Los Angeles School for the Movement of the Technicolor People
Each exhibition installation serves as a groundwork for the school’s curriculum — its interactive learning objects, interventions, images and tactile architectures; as the space for free public classes; and as the stage for the company’s performances. The various components of the exhibition offer the visual and material aspects of the School’s curriculum to visitors when classes were not in session. Fully functioning as dance school, with its curriculum structured around the question, “What is a Black dance curriculum today?”, the School offered free weekly dance classes, workshops, and micro-performances initiated and facilitated by the dance company WXPT, an experimental collective of queer people of color and allies, dancers and non-dancers. The exhibition, interactive objects, images, weekly actions, and engagements are intended as a template that became an accumulative structure for an exchange of ideas and movements.

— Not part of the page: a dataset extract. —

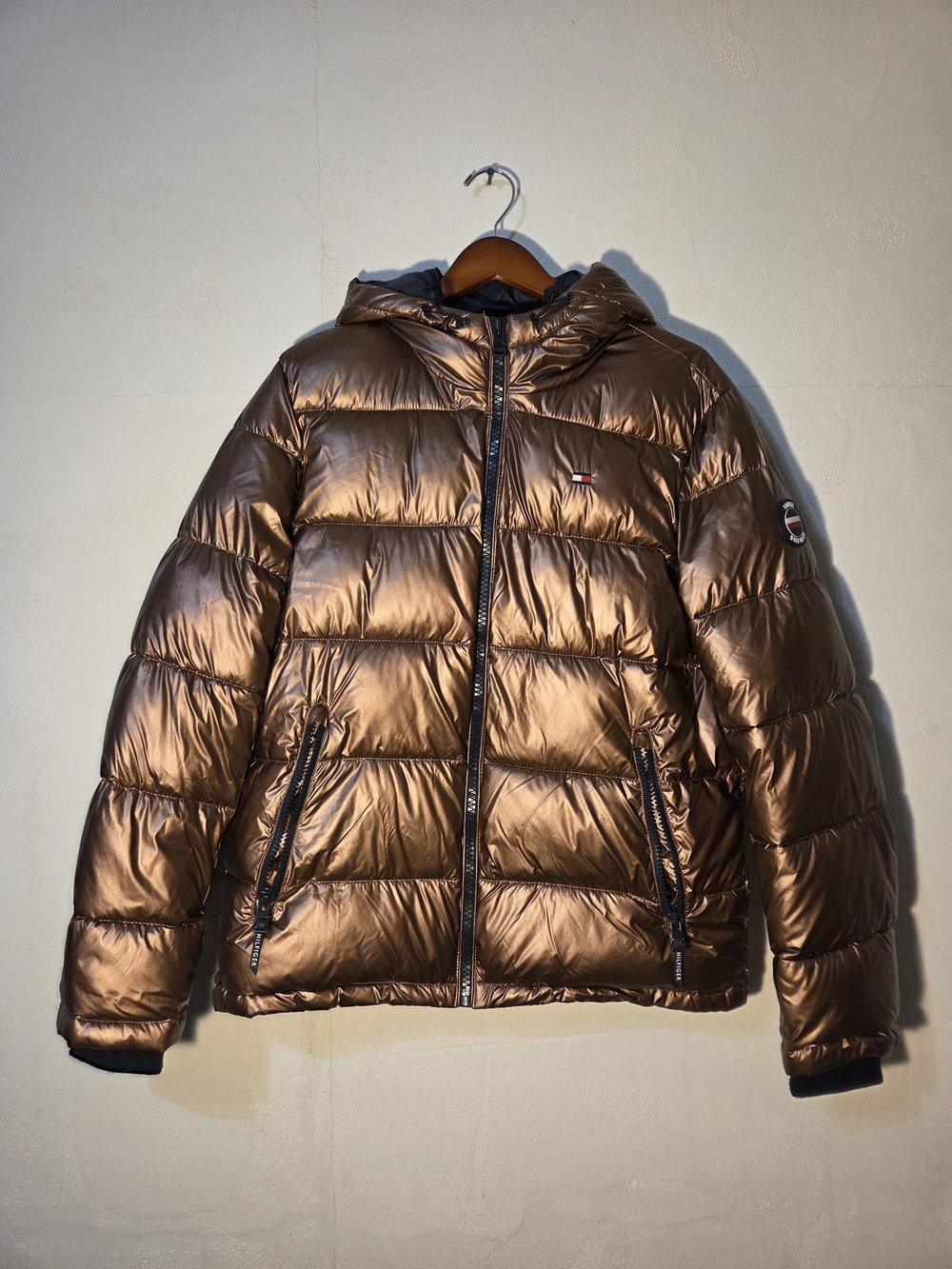 ​Tommy Hilfiger Metallic Bronze Puffer Jacket Men's Hooded Quilted Coat Medium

The School for the Movement of the Technicolor People was originally conceived as a project by taisha paggett, and the infrastructure of the iterations of the school were organized and developed as a collaboration with taisha paggett, Ashley Hunt, Kim Zumpfe, and WXPT. The collaborators involved in School have changed in each city it has taken place.
Los Angeles Contemporary Exhibitions (LACE), 2015
Curated by Robert Crouch
WXPT Los Angeles: Joy Angela Anderson, Charmaine Bee, Heyward Bracey, Rebecca Bruno, Erin Christovale, Loren Fenton, Maria Maia, Kloii “Hummingbird” Hollis, Meena Murugesan, taisha paggett, Sebastian Peters-Lazaro, Kristianne Salcines, .Turay, Devika Wickremesinghe and Suné Woods.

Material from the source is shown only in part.